La sociedad rural es fundamental para el desarrollo del país, más
allá de las cifras sobre PIBA, por el conjunto de bienes ambientales,
culturales y económicos que provee y podría proveer hacia el futuro a la
sociedad nacional.
La sociedad rural es extraordinariamente compleja y diversa.
Coexisten diversas lógicas productivas y sociales expresadas en las
diversas tipologías que se han elaborado para los productores
agropecuarios. Reconociendo la enorme heterogeneidad rural, se podría
proponer una tipología de familias rurales basada en cinco estrategias
que siguen en general los hogares rurales: hogares con participación
activa en los mercados agrícolas (pequeños productores orientados a los
mercados), hogares compuestos por productores de autosubsistencia;
hogares orientados al mercado de trabajo que dependen del salario
agrícola o ingresos no agrícolas; hogares determinados por la migración y
el envío de remesas, y, finalmente, hogares diversificados que obtienen
ingresos de la agricultura, de las actividades no agrícolas, así como
de las remesas. La importancia de cada una de estas estrategias es
distinta, dependiendo del peso del sector rural medido tanto en términos
económicos como sociales y políticos.
Desde los años 90 se afirmaba que las políticas agropecuarias basadas
en un modelo tecnológicamente ineficiente habían llevado a graves
deterioros del capital natural: suelos, agua, vegetación primaria,
bosques y selvas. La consecuencia es que se requieren políticas
diferenciadas, responsables ambientalmente y con un fuerte anclaje en el
desarrollo regional para que permitan una transformación en la matriz
tecnológica y en las condiciones de desigualdad y pobreza.

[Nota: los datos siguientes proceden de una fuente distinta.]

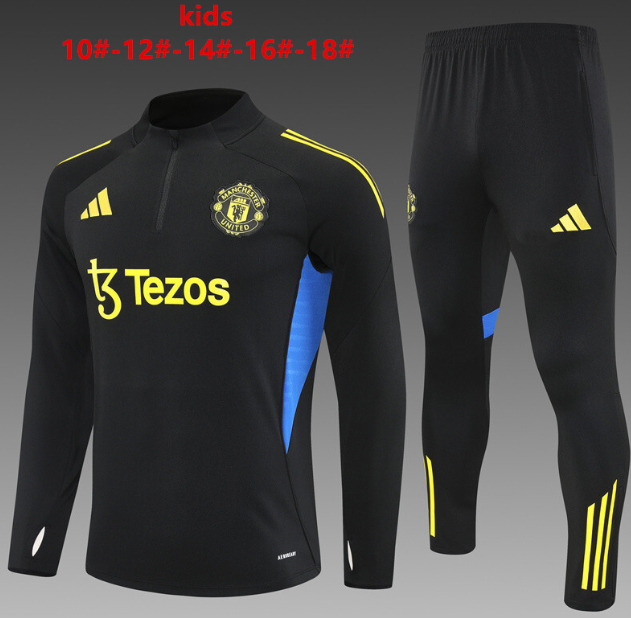 25/26 kid half Manchester United Black Tracksuit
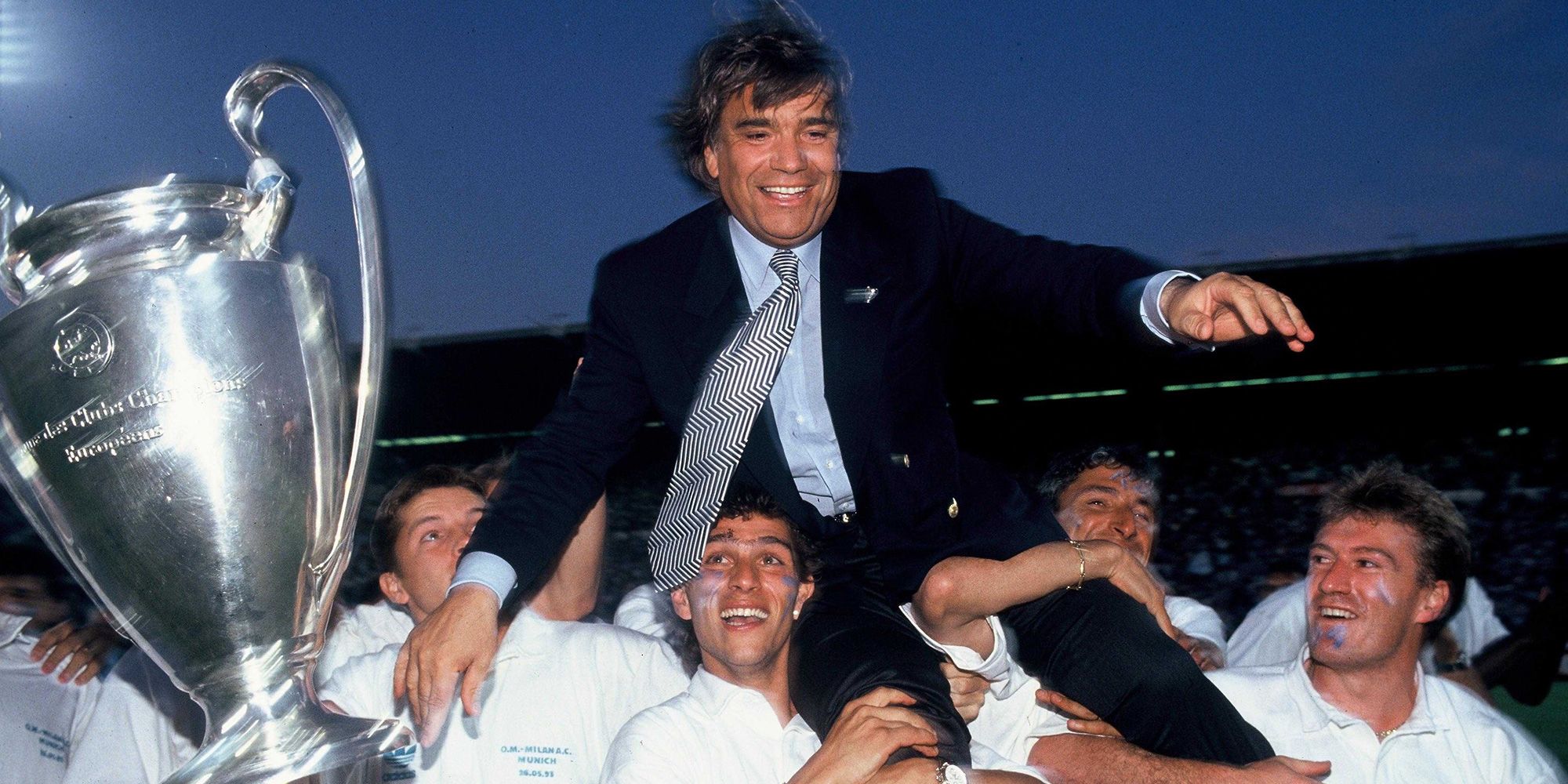 Bernard Tapie celebrant la victoire historique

En resumen, el campo mexicano exhibe demográficamente tres
características: un envejecimiento de los propietarios ejidales en medio
de una fuerte presencia de jóvenes subocupados o desocupados, un grado
importante de feminización en las actividades productivas rurales y una
cartera de ingresos de los hogares muy diversificada. Un alto porcentaje
de las familias rurales tienden a obtener la mayor parte de sus
ingresos de actividades rurales no agrícolas, de salarios agrícolas o de
transferencias públicas o privadas; dicho de otra manera, funcionan
como unidades económicas multiactivas.
Desde un punto de vista político, los mecanismos de gobernabilidad en
el campo estaban asociados al funcionamiento de los ejidos y
comunidades –a partir de sus autoridades y asambleas– como sostén de las
localidades rurales y de los gobiernos municipales. Al debilitarse los
mecanismos internos de los ejidos y comunidades se afectan la cohesión
social de las comunidades, la capacidad de gobernanza de los municipios y
el manejo sustentable del capital natural. A este tema dedicaré mi
siguiente artículo.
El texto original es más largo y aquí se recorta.